BBC Philharmonic/John Storgårds.
Recorded at MediaCityUK, Salford, Manchester, 8 and 9 August 2019.
TT: 66:45
Chandos CHSA 5278
Symphony no. 11, opus 103.
London Philharmonic/Vladimir Jurowski.
Recorded live at the Royal Festival Hall, London, 11 December 2019.
TT: 58:43
LPO 0118
Many, if not all of Shostakovich’s symphonies can be seen as “historical canvases” but the more explicitly programmatic ones—numbers 2, 3, 7, 11, and 12—have often been pushed to the edges of the canon, described as “pictorial” or, damned with faint praise, “cinematic.” Perhaps musical onomatopoeia is inimical to symphonic thinking or these works’ apparently straightforward narratives rule them out of bounds, or maybe they have too often been seen as nakedly pro-Soviet. It’s notable that the Thirteenth, running against the system and reflecting Yevtushenko’s kaleidoscopic viewings of history from different perspectives, has largely escaped such censure, while Beethoven’s Pastoral is more likely to be praised for cunningly interweaving the concrete and the abstract, the symphonic and the narrative, rather than being discussed in such iconoclastic terms.
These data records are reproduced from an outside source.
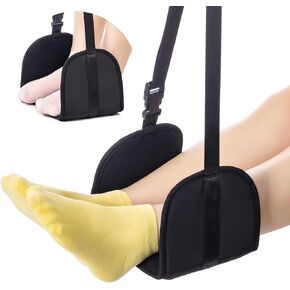 أرجوحة مسند للقدمين على شكل طائرة، مسند قدم محمول قابل للتعديل للسفر مع رغوة سميكة، لوح PVC، بطانة ناعمة مسامية (أزرق) in Kuwait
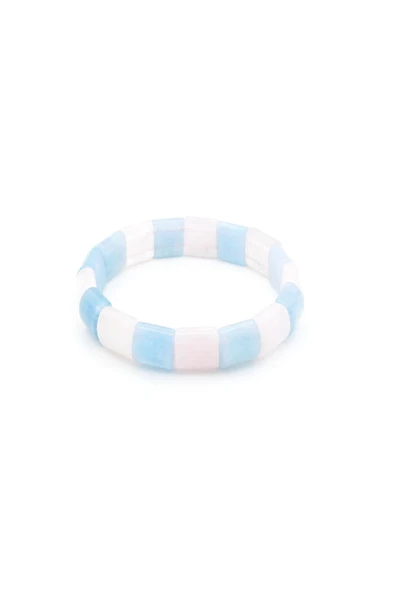 Rolex Model Hakiki Pembe Kuvars Akuamarin Taşı Bileklik - 4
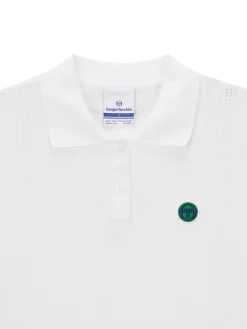 Preppy Knit Polo- Off White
For those who want to wield such criticisms, the Eleventh provides ample evidence—the overt 1905 (or, if you prefer, covert 1957) historical programme, the abundance of revolutionary songs and the uncanny musical portrayals of the freezing Palace Square and the onslaught of the troops (tanks?), etc. Hence, from its earliest days it was a divisive work: worn-out socialist realist toadying or Aesopian condemnation? But for all the theorising and musicological arguing and the view through the politico-aesthetic prism, the fact remains that performers do have to decide where they are going to place such works on a spectrum from tone poem to symphony.
The positive reaction, both “officially” and among musically sympathetic western performers, generated several early recordings, most of which have been multiply re-issued. A two-minute Soviet newsreel covered Natan Rakhlin’s Moscow premiere in October 1957 (viewable at https://www.britishpathe.com/video/russian-state-symphony-orchestra) before he took it into the studio (MK D04234-7—LP only), and Mravinsky led the Leningrad premiere on 3 November, a performance that also briefly made it onto disc (CD releases include Russian Disc and Profil Medien). Studio traversals from Cluytens—attended by Shostakovich (EMI and, most recently, Testament) and Stokowski, a few days after his US premiere (Capitol and EMI Angel)—followed in 1958 and, a year later, Mravinsky (Regis’ puzzling and unsatisfactory transfer was reviewed in DSCH 38) and Konwitschny (Eterna and Berlin Classics). Five studio recordings and one live within two years sated the market for a while and there was something of a pause, but from the mid-1970s on there has been a regular supply of new recordings and there are now over 50. More recently, five 1958 concerts have made it to disc: Malcolm Sargent’s Western premiere with the BBC SO (Eyewitness Records), Kegel in Dresden (Weitblick), two Moscow performances under Stokowski (Russian Disc and Moscow Conservatoire), and Gauk (Brilliant Classics).
Recordings of this symphony have a wider range of timings than many other works but the stopwatch isn’t always a guide to performance quality. Kondrashin’s 53:53 sounds not so much urgent as rushed, compared to Järvi’s 54:47, and Polyansky’s flabby 73:57 only just outruns Rostropovich’s compelling and monumental 72:25 with the LSO (DSCH 18). In the middle ground, many conductors head for somewhere around 57-67 minutes, with much of the disparity between the faster and slower performances often centring on the first and third movements.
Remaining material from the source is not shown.